If we take the two underlying factors, heredity and environment, as these mould the life of men, we see that we cannot look to the market to regulate the hereditary factor as regards either the total number of children to be born, or the stocks from which they are to be drawn. I know that there are men who still imagine that “natural selection,” working through economic competition, operates effectively in this field, but I doubt whether any one knows facts upon which such a view can reasonably be based. In what regards population and eugenics it is more and more apparent that rational control and selection, working largely outside the market process, are indispensable.
The same may be said of the whole action of environment in forming persons after birth, including the family, the community, the school, the state, the church, and the unorganized working of suggestion and example.
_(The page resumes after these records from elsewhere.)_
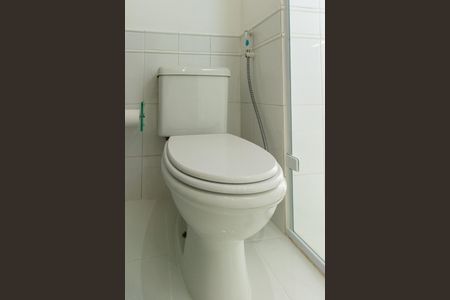 Apartamento à venda com 124m², 3 quartos e 2 vagas Apartamento à venda com 124m², 3 quartos e 2 vagasBanheiro da Suíte 1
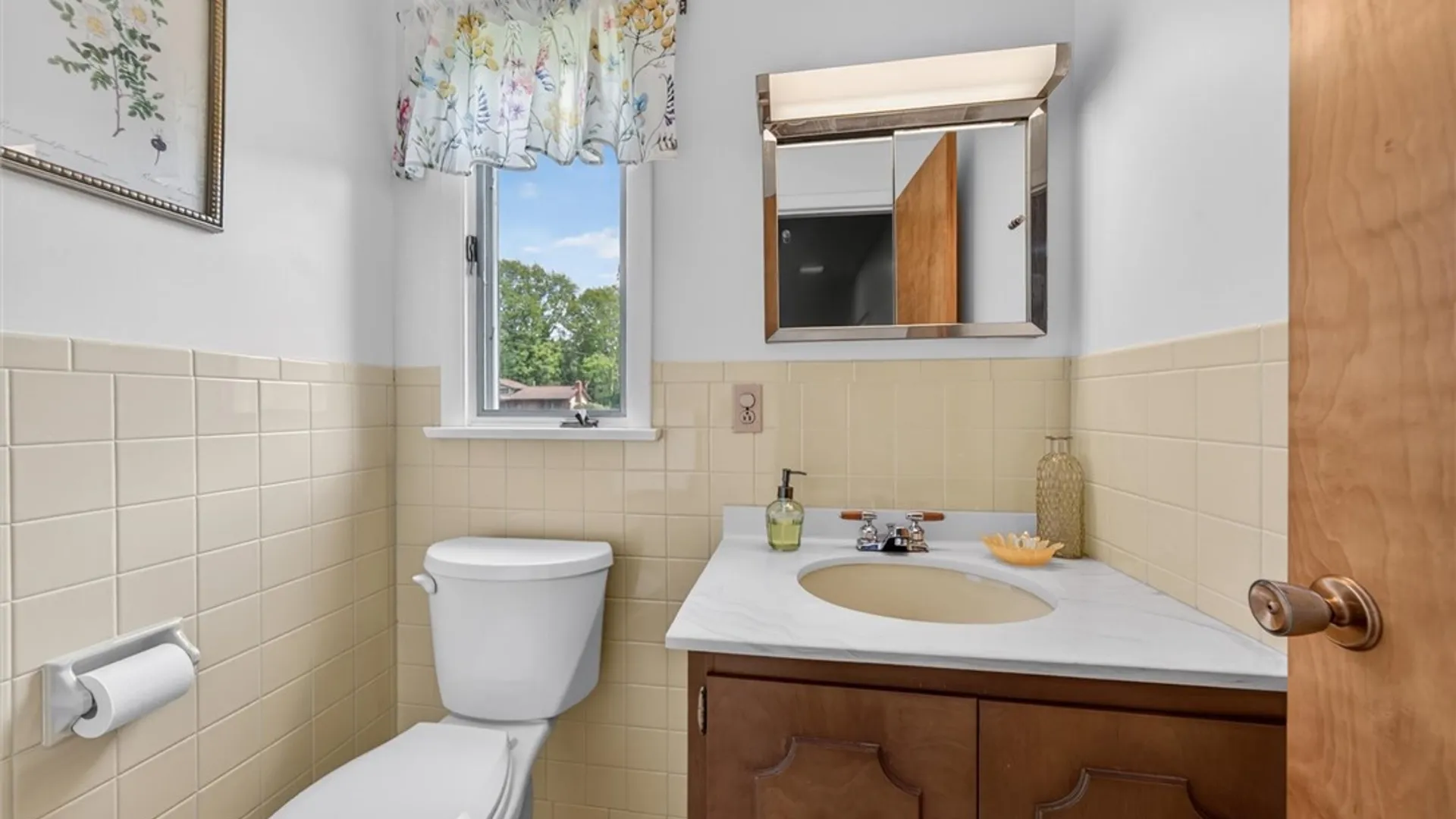 Property at 29 Tartarian Circle, Greece, NY 14612 32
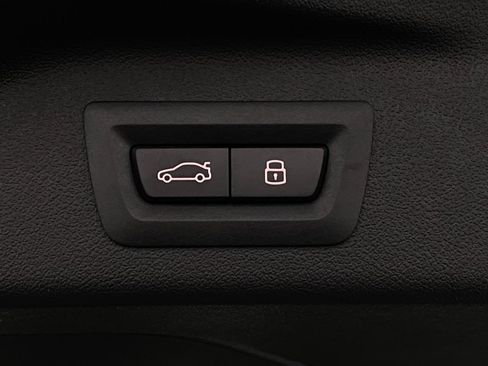 New 2026 BMW X7 M60i image 9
None of these formative agencies is of a nature to be guided adequately by pecuniary demand. The latter, even if its requirements be high, offers no guarantee that men will be produced in accordance with these requirements, since it does not control the course of their development.
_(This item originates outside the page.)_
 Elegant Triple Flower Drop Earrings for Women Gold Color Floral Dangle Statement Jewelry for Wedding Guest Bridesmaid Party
Let us observe, however, that even in this field the market may afford essential guidance to other agencies of control. If, for example, certain kinds of work do not yield a living wage, this may be because the supply of this kind of work is in excess, and the state or some other organization may proceed on this hint to adjust supply to demand by vocational training and guidance. Or the method of reform may be to put restrictions upon demand, as in the case of the minimum wage. Although the market process is inadequate alone, it will usually have some share in any plan of betterment.
Personal and social development must, in general, be sought through rational organization having a far wider scope than the market, though co-operating with that in every helpful way, and including, perhaps, radical reforms in the pecuniary system itself. It would be hard to formulate a principle more fallacious and harmful than the doctrine that the latter is an adequate regulator of human life, or that its own processes are superior to regulation. We are beginning to see that the prevalence of such ideas has given us over to an unhuman commercialism.
What I have been saying of persons and personal development applies also to natural resources and public improvements, to arts, sciences, and the finer human values in general. All these have a pecuniary aspect, of more or less importance, but a money demand alone cannot beget or control them. Love, beauty, and righteousness may come on the market under certain conditions, but they are not, in the full sense, market commodities. Our faith in money is exemplified in these days by the offer of money prizes for poetry, invention, the promotion of peace, and for heroic deeds. I would not deprecate such offers, whose aim is excellent and sometimes attains the mark. They are creditable to their authors and diffuse a good spirit even though the method is too naïve to be very effectual. If money is greatly to increase products of this kind it must be applied, fundamentally and with all possible wisdom, to the conditions that mould character.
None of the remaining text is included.